Formerly, the most important constituent part of the British Library, which was set up in 1973, was the former library of the British Museum which dates back to 1753.

When the British Museum was founded it had only three departments. From the Department of Natural and Artificial Productions developed in due course all the antiquities departments of the British Museum and the Natural History Museum, which has been housed at South Kensington since the 1880s. The Departments of Manuscripts and of Printed Books were however the most important parts of the original British Museum, and they grew eventually into the greatest library of Great Britain.

The British Museum was a rather torpid institution in the 18th century, but it began to develop considerably after 1800. The foundation collections of manuscripts and printed books were formed by the Sloane, Cotton, Harleian and Old Royal Libraries. In 1799 C. M. Cracherode bequeathed 4,500 very fine books, and in 1807 the Lansdowne Manuscripts were acquired. The gift of the library of George III by George IV in 1823 added fifty per cent to the holdings of printed books, and the arrival of Sir Joseph Banks's library in 1827 greatly strengthened the collections of books on natural history. In 1830 the Earl of Bridgewater bequeathed the Egerton Manuscripts and a fund to augment them.



The great period of expansion began in 1837 when Sir Frederic Madden became Keeper of Manuscripts, and Antonio Panizzi Keeper of Printed Books. Madden improved the cataloguing and conservation of manuscripts and adopted a vigorous acquisitions policy. Panizzi organised the move of the bulk of the printed books from Montagu House (which had accommodated the Museum since 1753) to the new building which was erected in its garden between 1823 and the late 1840s. His other great achievements were to provide a new cataloguing system, to obtain a much larger purchase grant, to enforce effectively the law requiring the deposit in the Museum of a copy of every work published in the United Kingdom, and to supervise the building of the great circular Reading Room, surrounded by iron book stacks, which was constructed between 1853 and 1857.

His successors arranged for the printing of the Catalogue of Printed Books between 1881 and 1905, and for the compilation of a subject index from 1880 onwards. The Department of Manuscripts acquired the very valuable Stowe Manuscripts in 1883. From 1867 an extra Keeper was added to the Department of Manuscripts to take charge of the Oriental manuscripts, and in 1892 the Oriental printed books were added to the Oriental manuscripts to form a new department.

In the 20th century, because of overcrowding in the Library, the newspapers were moved to a building at Colindale, eight miles north-west of the British Museum, and the British Museum Newspaper Repository was opened 1905. Space problems at Bloomsbury were also eased by the construction of the White Wing in the 1880s, the King Edward Building between 1906 and 1914, and the rebuilding of the office space and part of the book stacks of the Department of Printed Books in the 1930s.

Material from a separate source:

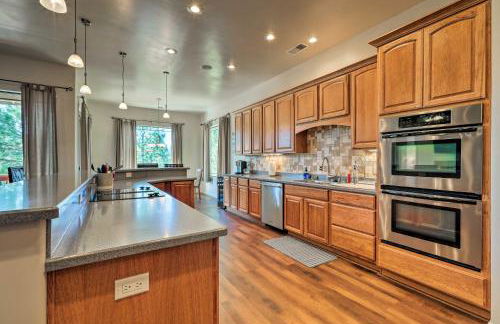 Spacious Flagstaff Home with Fire Pit and Game Room! - Foto 8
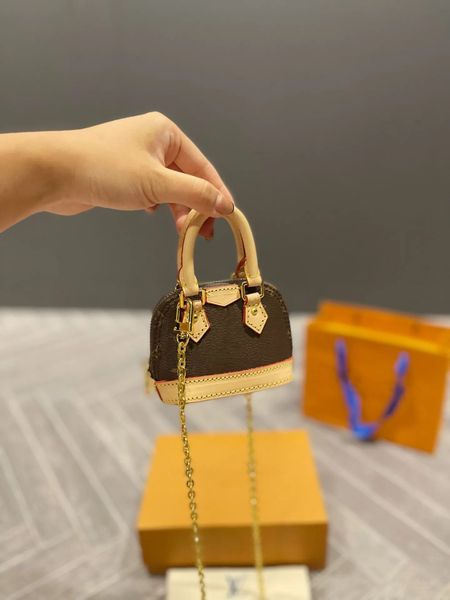 

mt designer mini pocket bags alma bb shoulder bag shell handbag women's old flower leather handbag fashion chain highquality luxury han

During the 1939-45 War about 225,000 volumes were destroyed in the British Museum building, and 30,000 volumes of newspapers were destroyed or damaged at Colindale, as a result of bombing. Large numbers of valuable books and manuscripts were evacuated from London.

The burned-out book stack in the British Museum building was rebuilt by 1954, but the need for a completely new building for the library became acute in the 1960s, when it became necessary to outhouse material at Woolwich and elsewhere in London. Plans to build on a site to the south of the British Museum were blocked by the Government as a result of protests on conservation grounds, and eventually in 1983 building began on a site adjoining St. Pancras railway station.

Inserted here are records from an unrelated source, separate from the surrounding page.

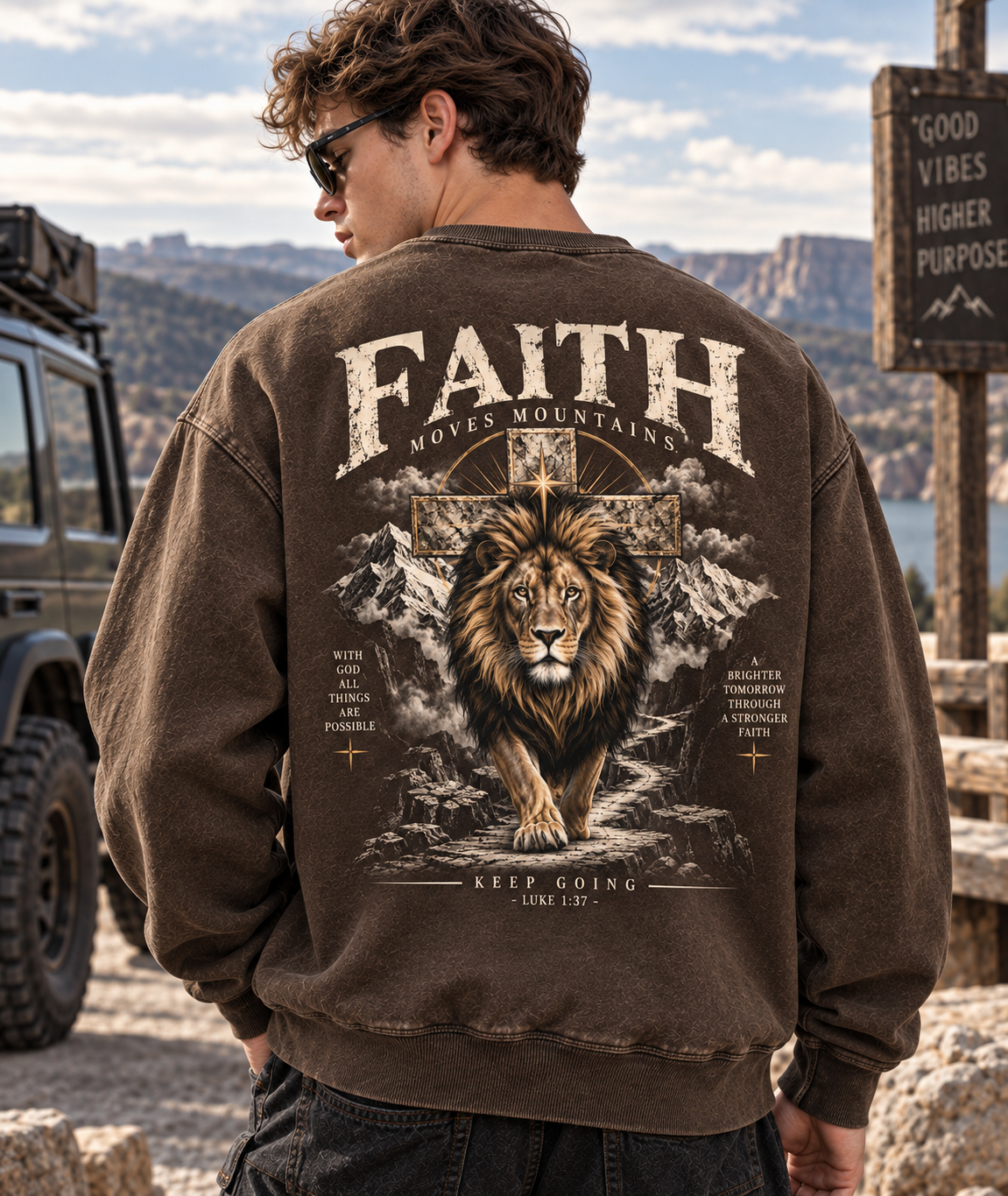 Faith Moves Mountains – Vintage Lion Sweatshirt
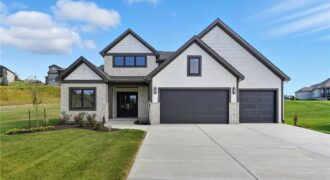 9785 Ambrosia Lane, Parkville, MO 64152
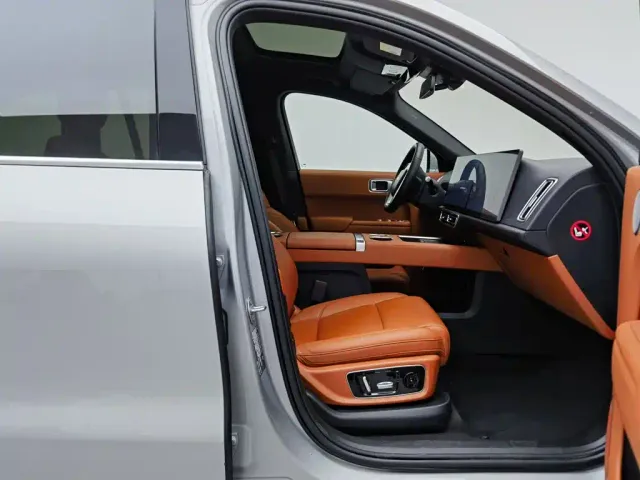 Li Auto L8 — Фото автомобиля 23
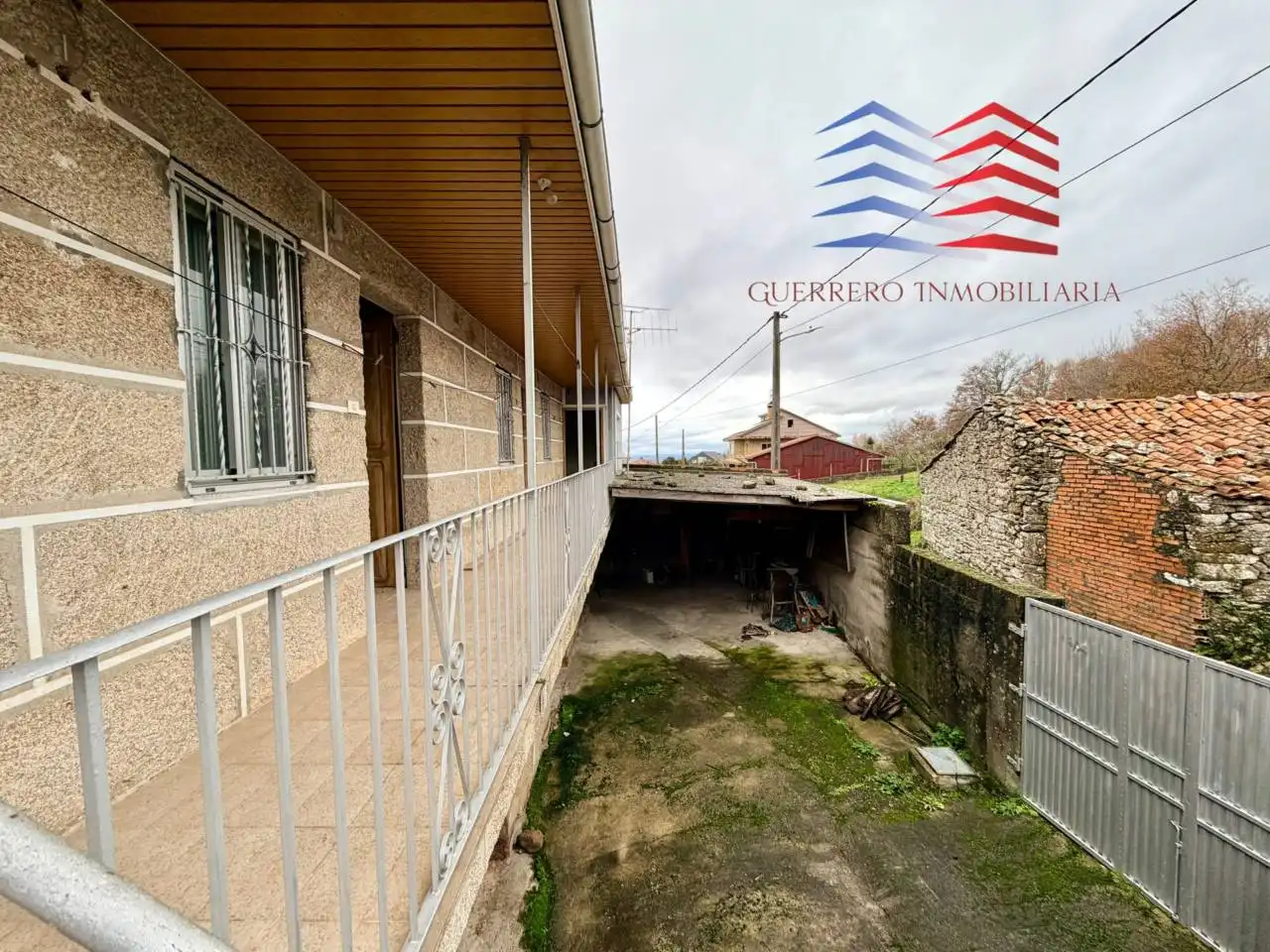 Vista exterior de Casa o chalet en venta en A Bola  con Jardín privado, Trastero y Balcón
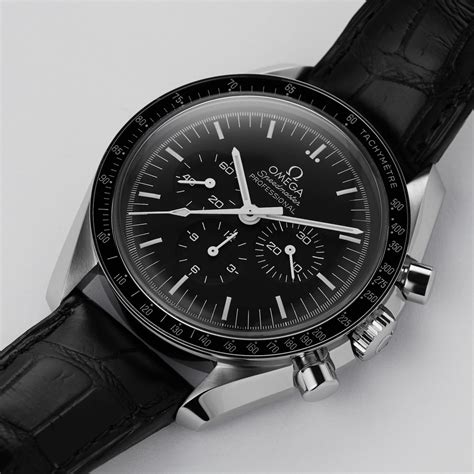 omega speedmaster moonwatch original size.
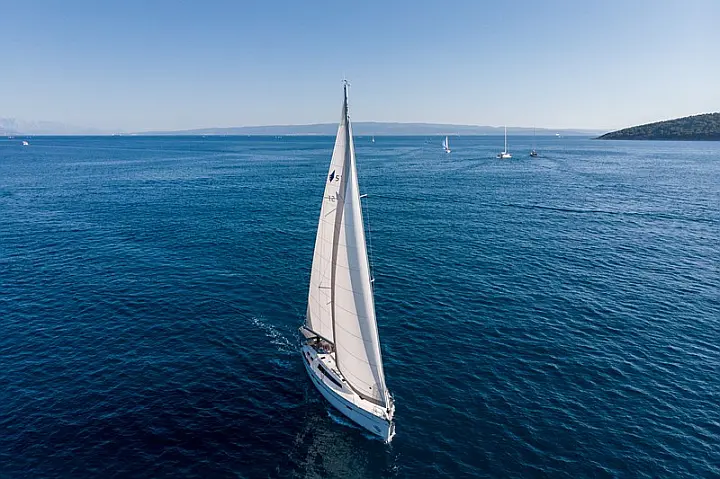 Bavaria Cruiser 51 - 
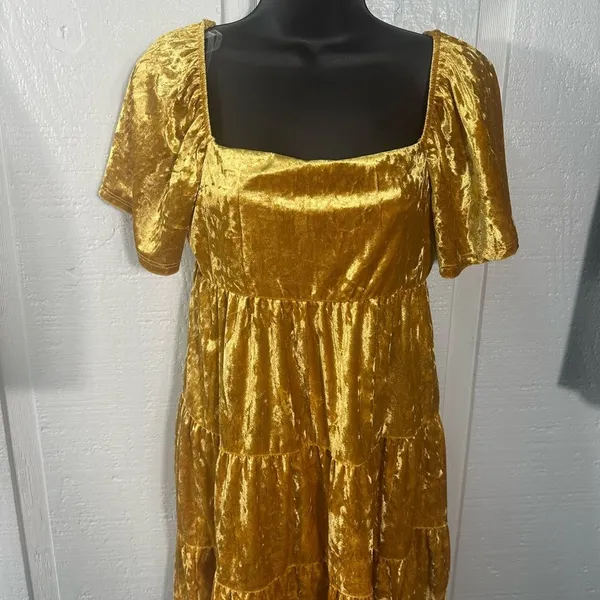 All In Favor Flutter Sleeve Crushed Velvet Minidress Size Small NWOT - Image 4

In the meantime, after an enquiry chaired by Dr. (later Lord) Dainton into the national library system, which took place between 1967 and 1969, The British Library was set up in 1973. It included the three library departments of the British Museum (Printed Books, Manuscripts, and Oriental Printed Books and Manuscripts), the National Reference Library of Science and Invention (which had been developed from the Patent Office Library after its incorporation into the British Museum in 1966), and (from 1974) the Office of Scientific and Technical Information of the Department of Education and Science, the Library Association Library and the British National Bibliography.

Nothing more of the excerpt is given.